SOURCE DATA =
.....
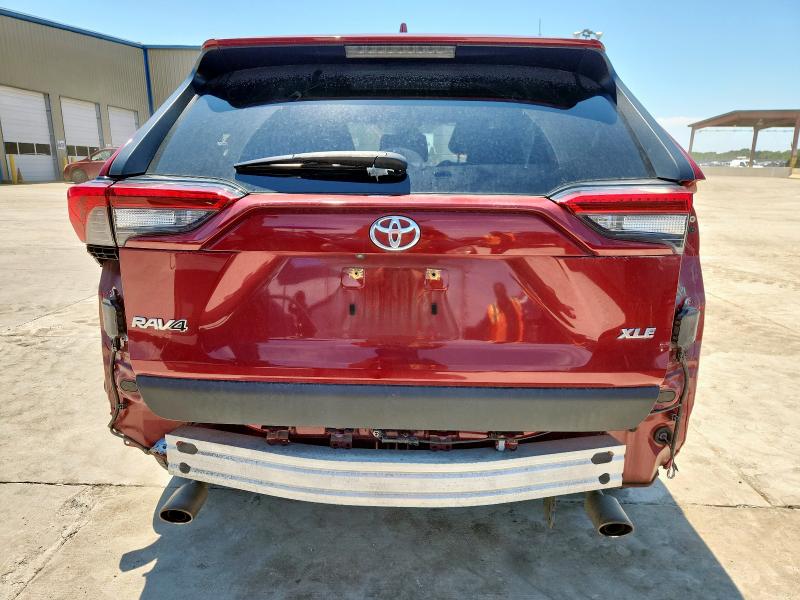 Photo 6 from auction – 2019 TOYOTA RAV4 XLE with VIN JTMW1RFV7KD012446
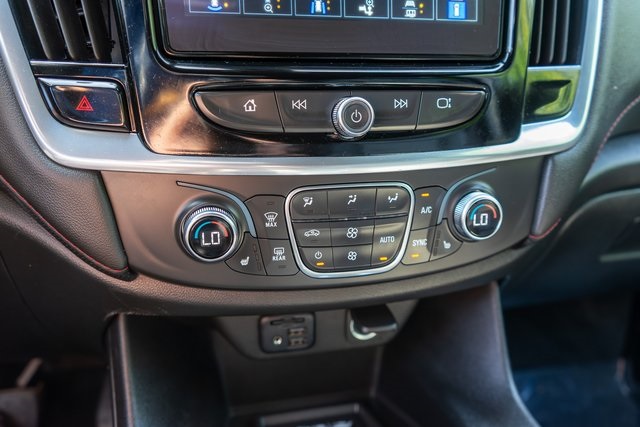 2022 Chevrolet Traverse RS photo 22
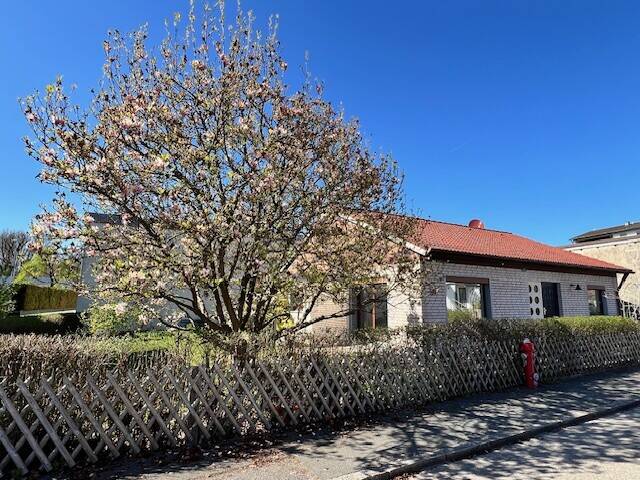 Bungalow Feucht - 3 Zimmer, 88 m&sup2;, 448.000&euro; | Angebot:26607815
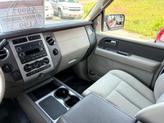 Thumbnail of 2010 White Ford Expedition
.....
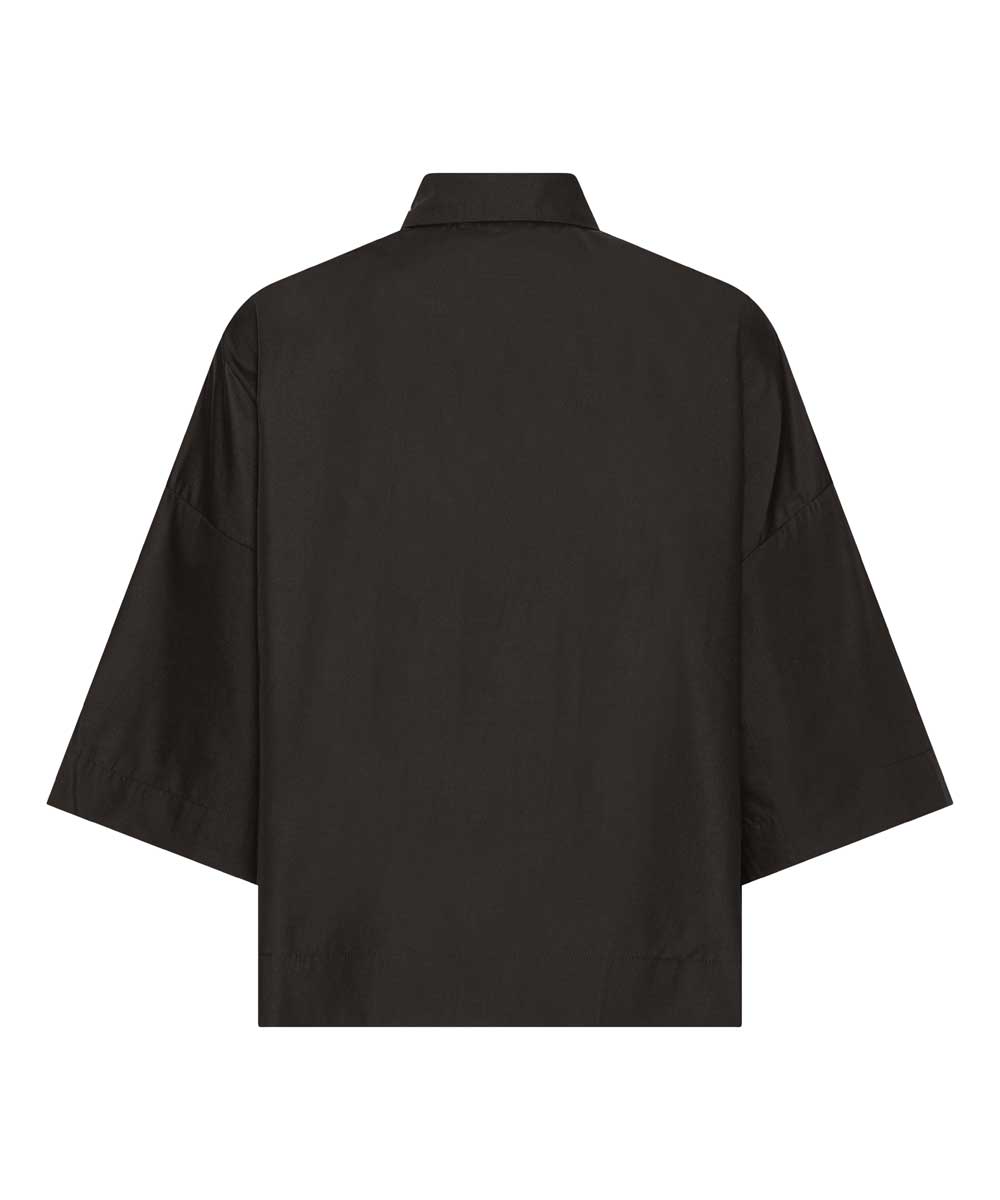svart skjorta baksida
.....
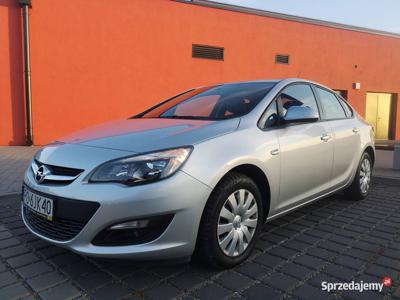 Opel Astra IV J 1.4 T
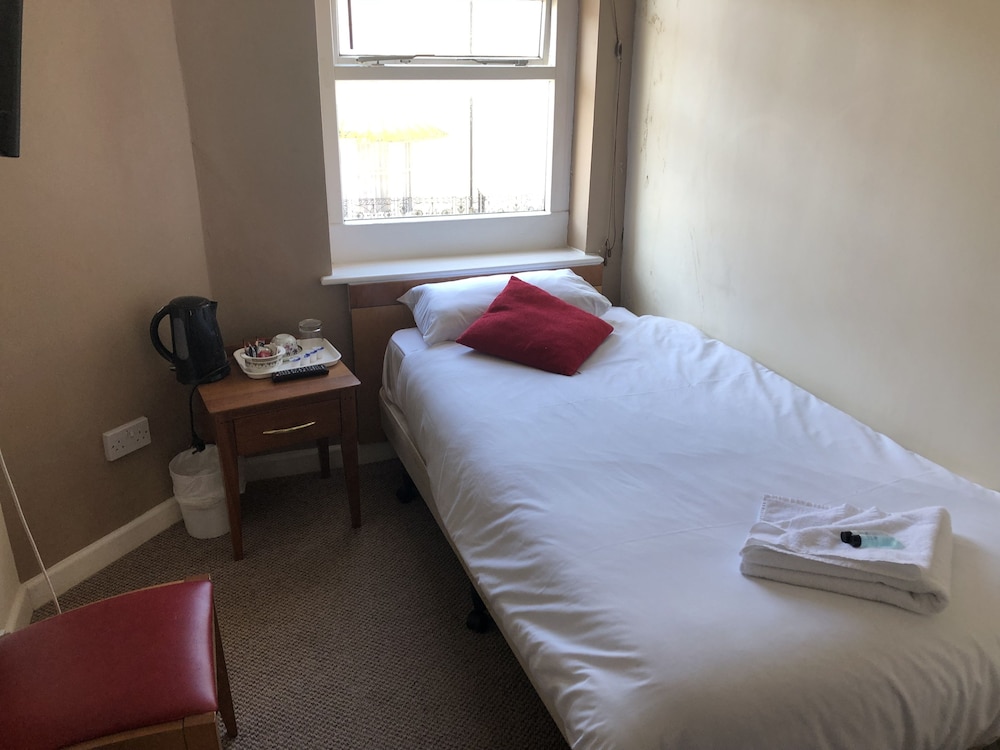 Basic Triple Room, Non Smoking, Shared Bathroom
.....
AIM OF THE EXERCISE = Beginning with the line that contains "Photo 6 from", write out the lines of the material above exactly, and end with the line that contains "Thumbnail of 2010 White Ford Expedition". Omit the pictures.

YOUR RESPONSE =
 Photo 6 from auction – 2019 TOYOTA RAV4 XLE with VIN JTMW1RFV7KD012446
 2022 Chevrolet Traverse RS photo 22
 Bungalow Feucht - 3 Zimmer, 88 m&sup2;, 448.000&euro; | Angebot:26607815
 Thumbnail of 2010 White Ford Expedition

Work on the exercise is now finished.